Most Innovative Schools

“Innovation happens when people think big

Public education is facing enormous challenges.  Take your pick: Economic stress causing  pressure on education funding, more dual income families where parents can’t spend as much time with their kids, the continuing march of technology, pressure from the community,  state and federal level for achievement test progress, the growing rate of poverty, social changes related to bullying and childhood obesity, etc.   The need to respond to these issues in a proactive way seems obvious. It is exciting to report that there are some amazing school districts that are taking up the challenge with remarkably innovative and creative approaches.

Take for example, the Chafford Hundred School in Thurrock, UK.  Its campus contains nursery, primary and secondary schools and houses community services. It has a public library on site, and accommodation for community groups (e.g. mother and toddler groups). The campus entrance is designed to represent a shopping mall, and in this way presents a familiar and welcoming environment to the local community.
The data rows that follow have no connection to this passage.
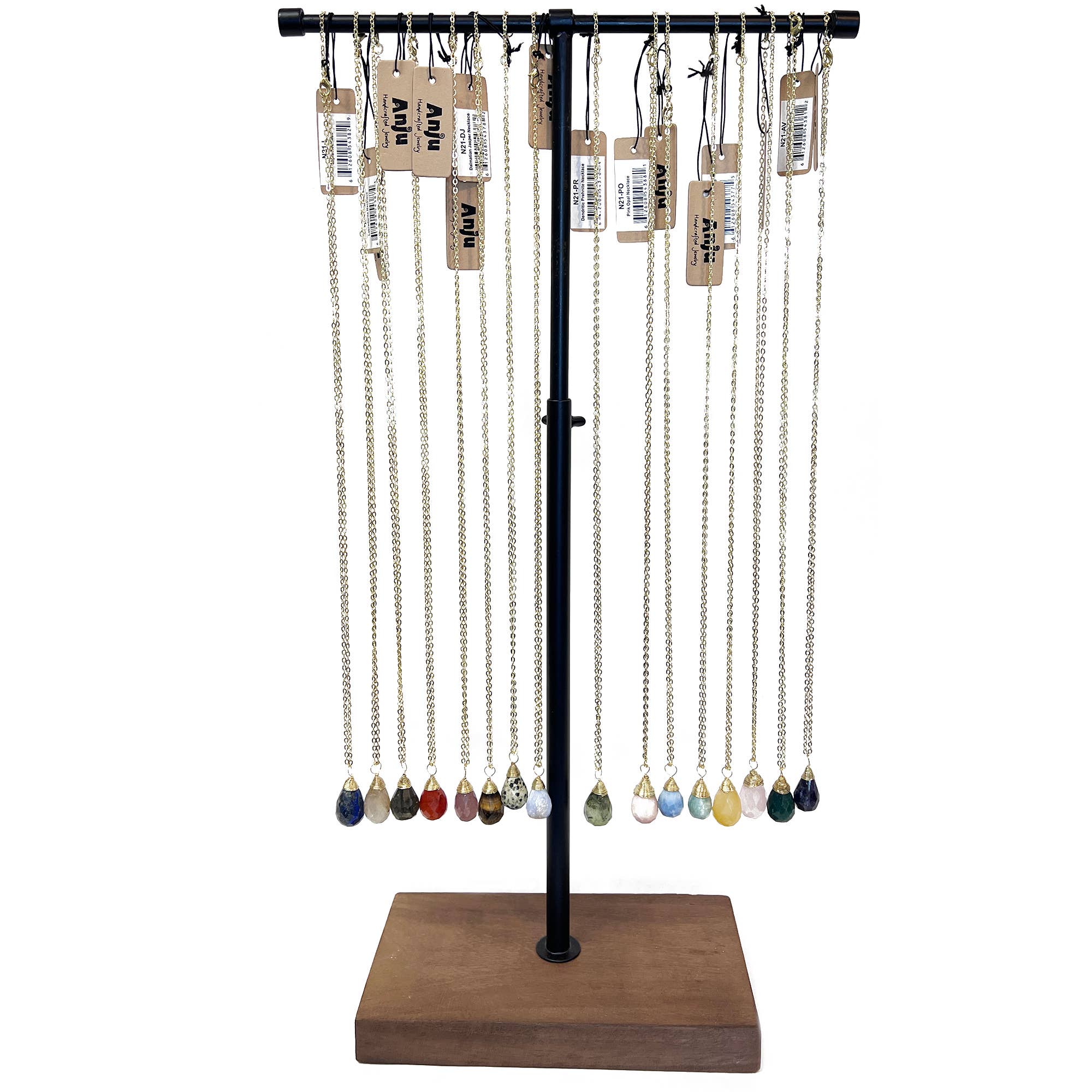 16 Tear Drop Faceted Stone Necklace Pre-Pack (No Display)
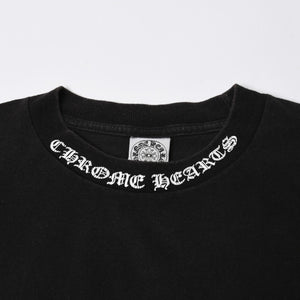極美品 CHROME HEARTS クロムハーツ オールド 半袖Tシャツ サイズS フローラルクロス ホースシュー ブラック 中古 4a007948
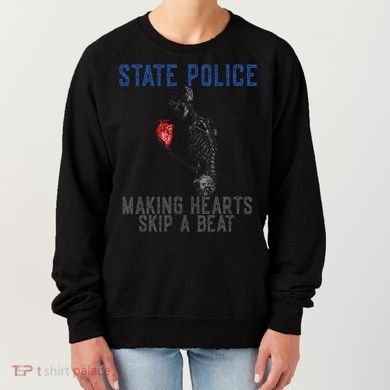 Funny State Police Making Hearts Skip Beat Skeleton Design Women's Sweatshirt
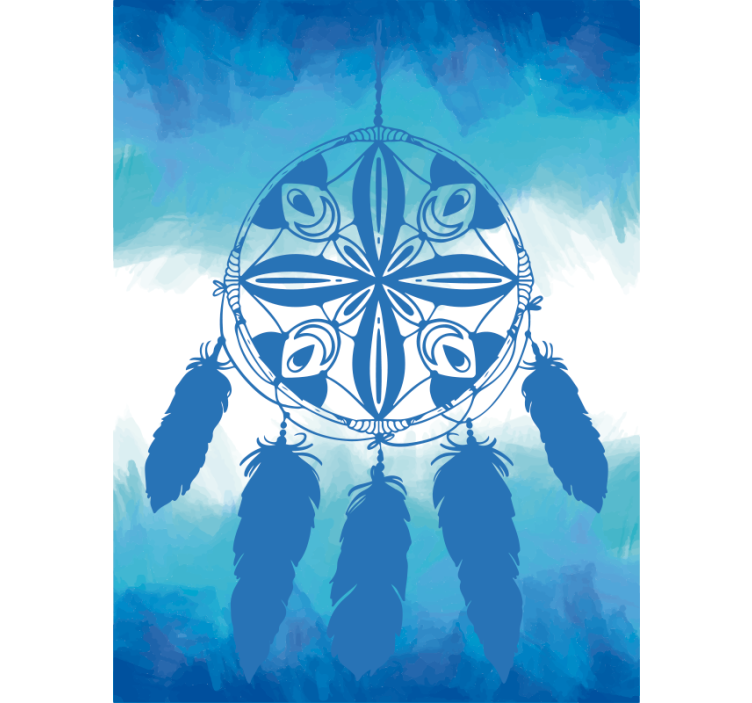 Blauw rolgordijn vinyltapijt ornamentale dromen - TenStickers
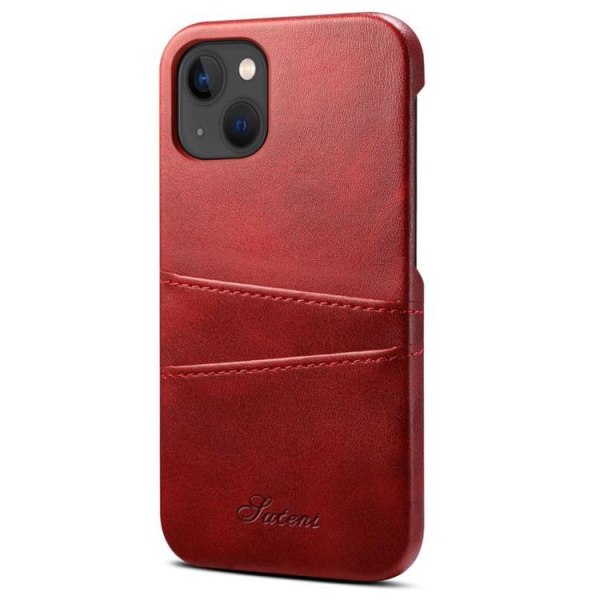 SUTENI iPhone 14 Plus Skal Korthållare - Röd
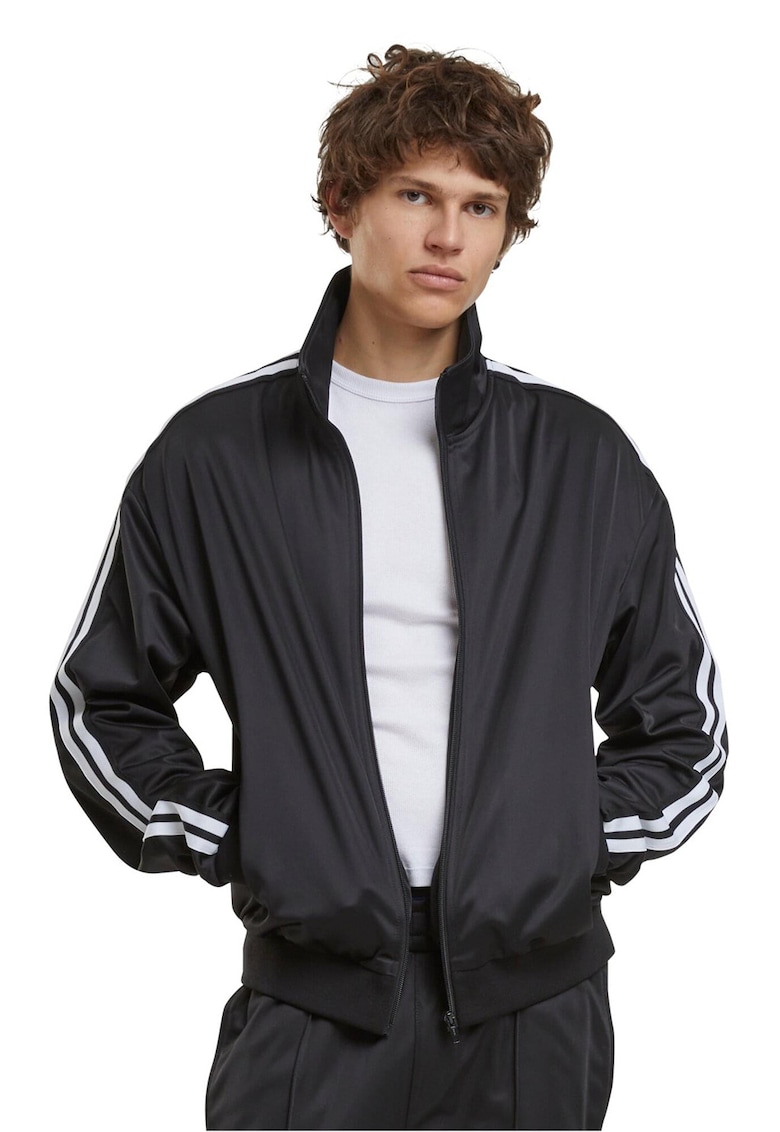 Bluza de trening cu fermoar cu benzi contrastante pe maneci - Negru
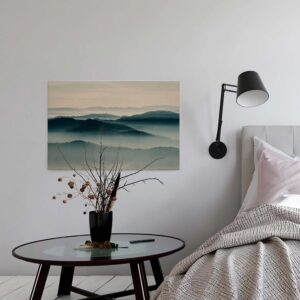 Bricoflor Leinwand Mit Landschaft Dunkelgrün Petrol Leinwand Bild Mit Wald In Nebel Ideal Für Schlafzimmer Keilrahmen Bild Mit Horizont Und Tannenwald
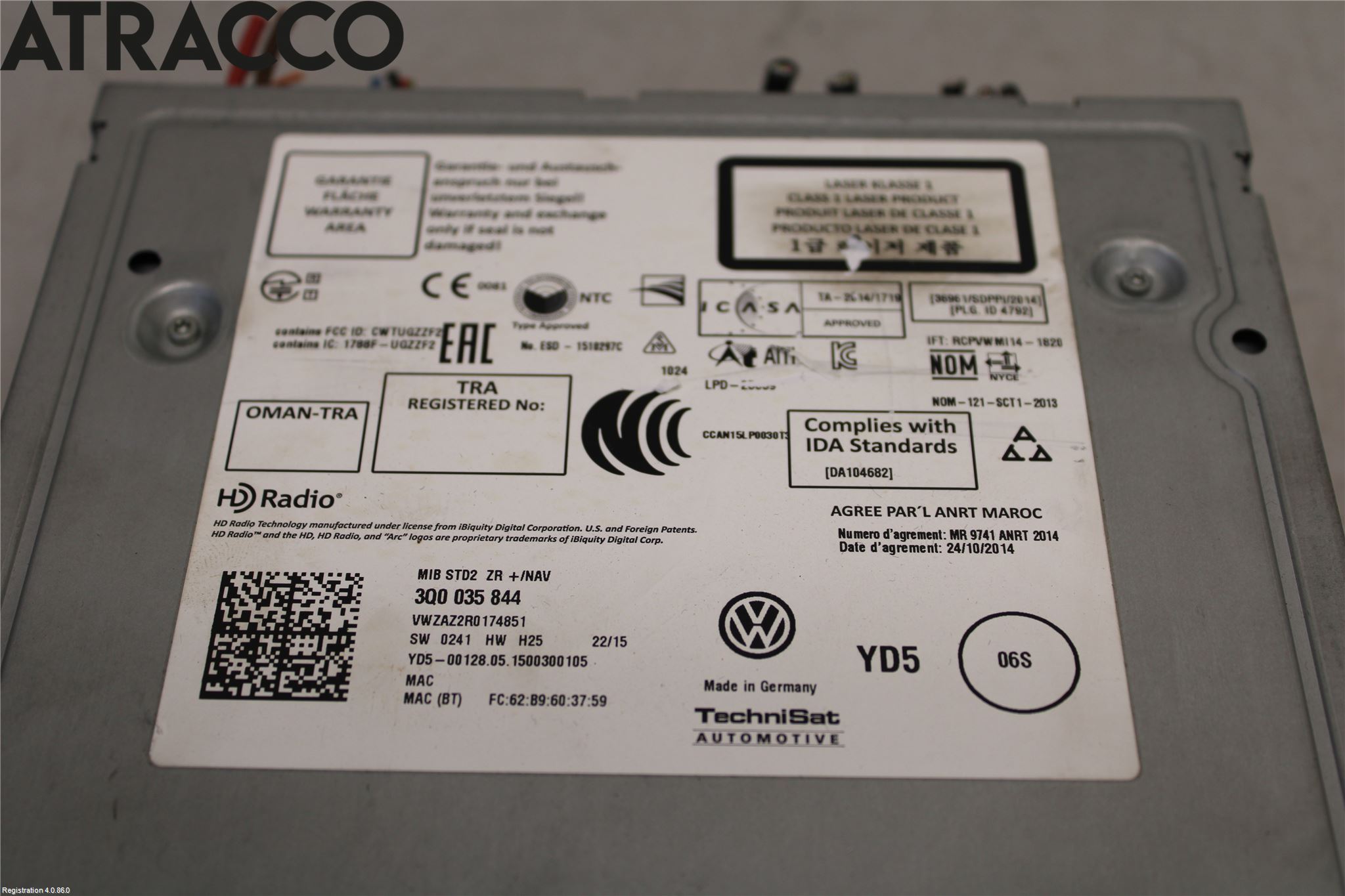 Volkswagen VW GOLF / E-GOLF VII 13-20 Stereo Radio Med Cd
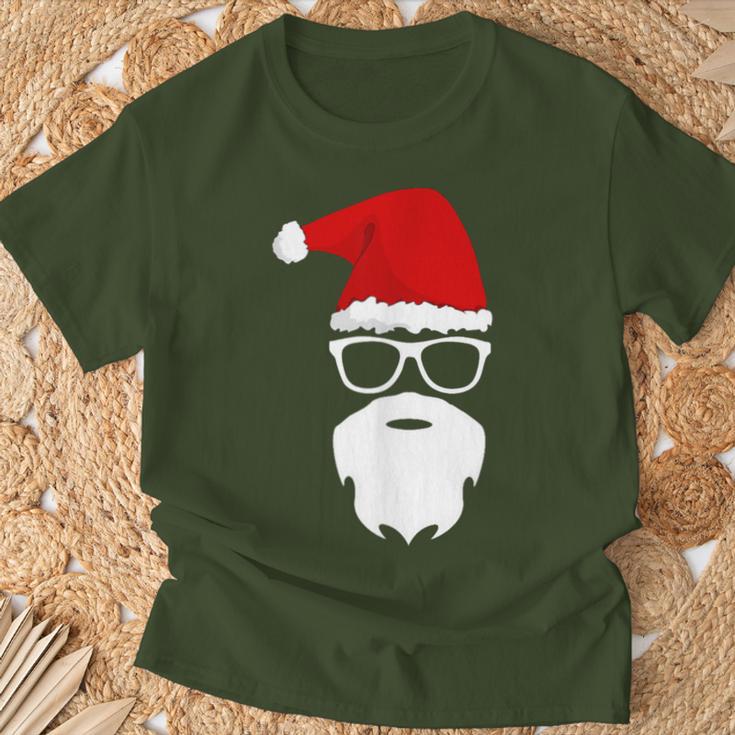 Santa Claus Christmas Hat Beard Sunglasses Christmas T-Shirt Geschenke für alte Männer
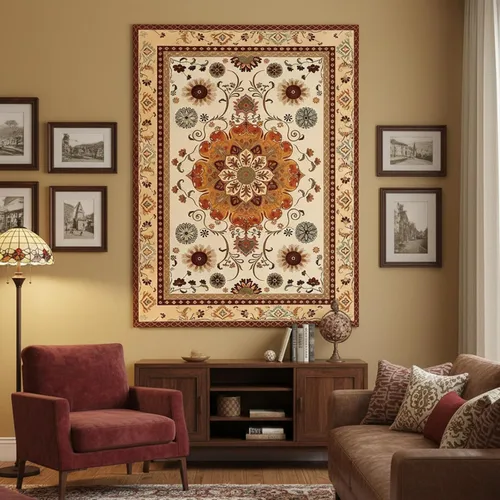Miniatura 3 de Fowocu Boho Floral Tapestry Wall Hanging Hippie Indian Bohemian Mandala Tapestry Aesthetic Vintage Flower Medallion Beige Yellow Small Tapestries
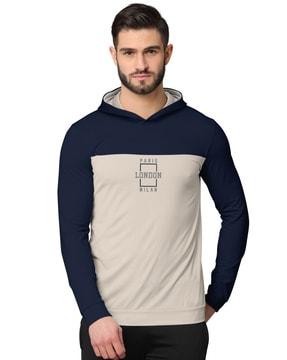 color-block hooded sweatshirt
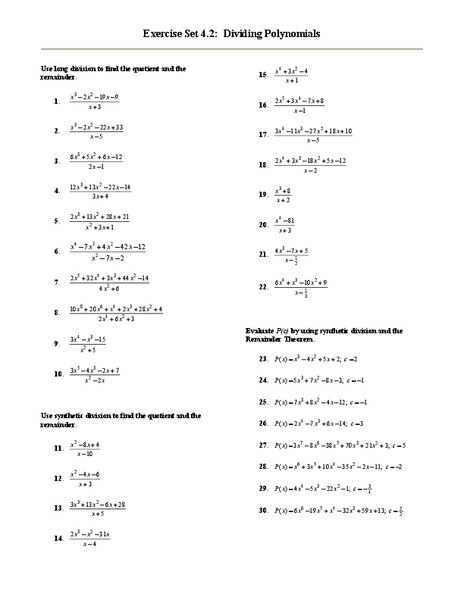 Dividing Polynomials Worksheet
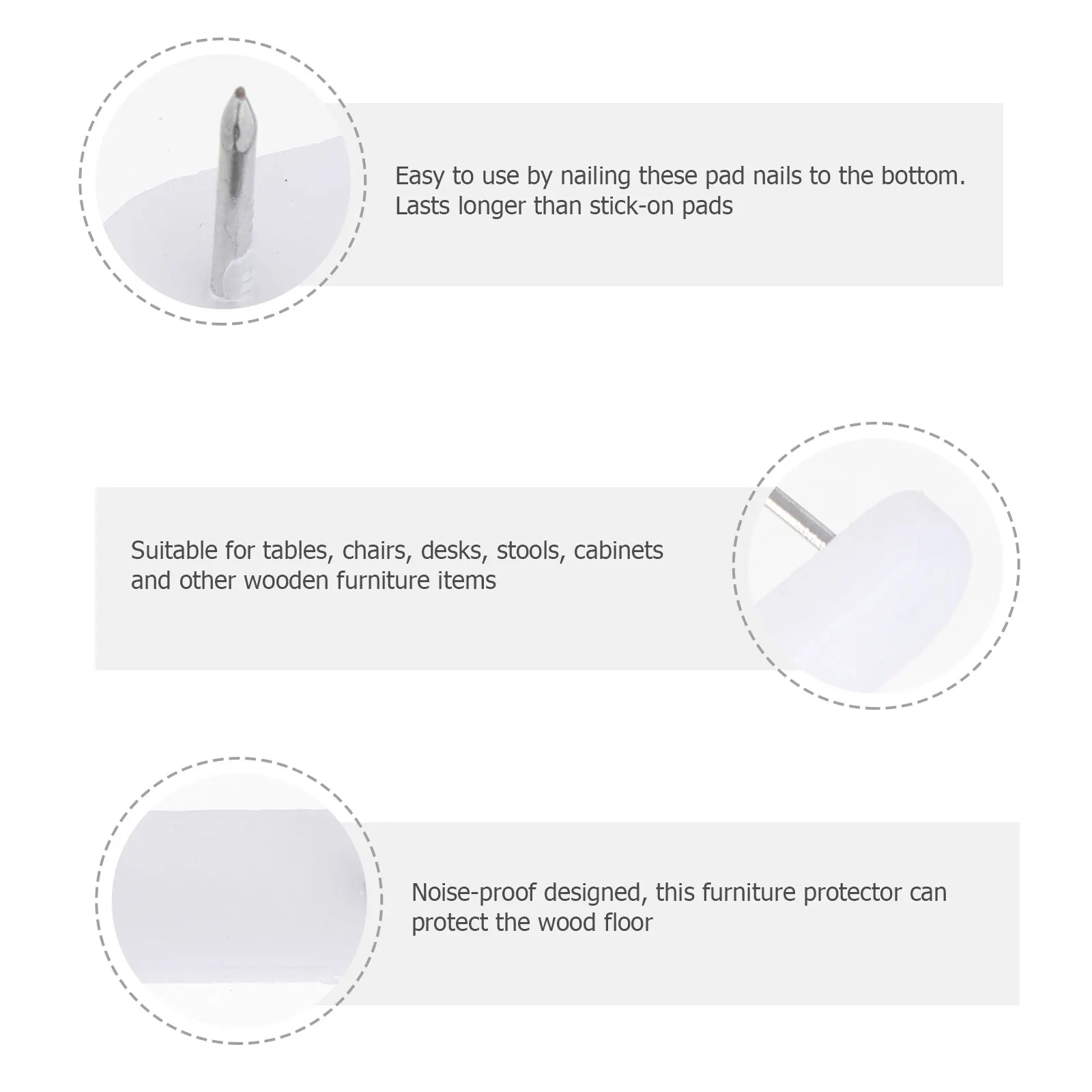 

100pcs niture Feet Double Nails Plastic Head Glide Pads Chairs Tables Height Increase Moisture Proof Non Slip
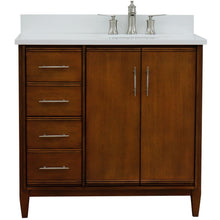 Load image into Gallery viewer, Bellaterra 37&quot; Single Vanity in Walnut Finish with Counter Top and Sink - Right Door/Right Sink 400901-37R-WA, White Quartz / Oval, Front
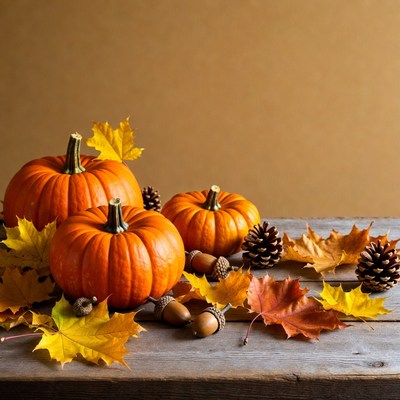 Pumpkins Acorns Autumn Leaves on Wood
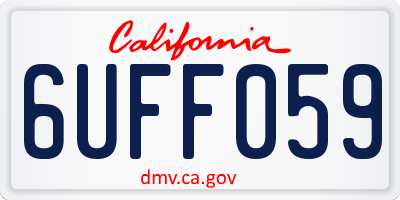 CA license plate 6UFF059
Despite the high levels of technology (each student has a personal PC enabling access to the wireless network and learning plans and curriculum resources that are stored on the school intranet), the classrooms are laid out in a traditional manner.  Students are mainly home class-based, however there is a lot of individual movement between the library and resource areas. There is an emphasis on individual learning, with each student’s curriculum planned uniquely via learning plans and journals.  (Source:  21ST CENTURY SCHOOLS:  LEARNING ENVIRONMENTS OF THE FUTURE.)

Or, how about this one from the same report?  The Australian Science and Mathematics School in Adelaide, South Australia created an environment for interaction between educators, professional scientists and mathematicians. There are no ‘subject classes’ or ‘year groups’ at all. The school is ICT-rich, and focuses on inquiry-based project work and research, within different settings, including workplace and university-based learning. The school is situated on Flinders University campus and is designed with a strong sense of identity, giving a clear “home base” to the students who spend a considerable time learning elsewhere. Clear viewing angles, and a culture of “openness” are embedded in the design of the school, with glass walls and open alcoves used for different functions and activities. The school clearly illustrates how radical approaches to learning organization impacts upon every detail from the architecture to the school-parent relationships.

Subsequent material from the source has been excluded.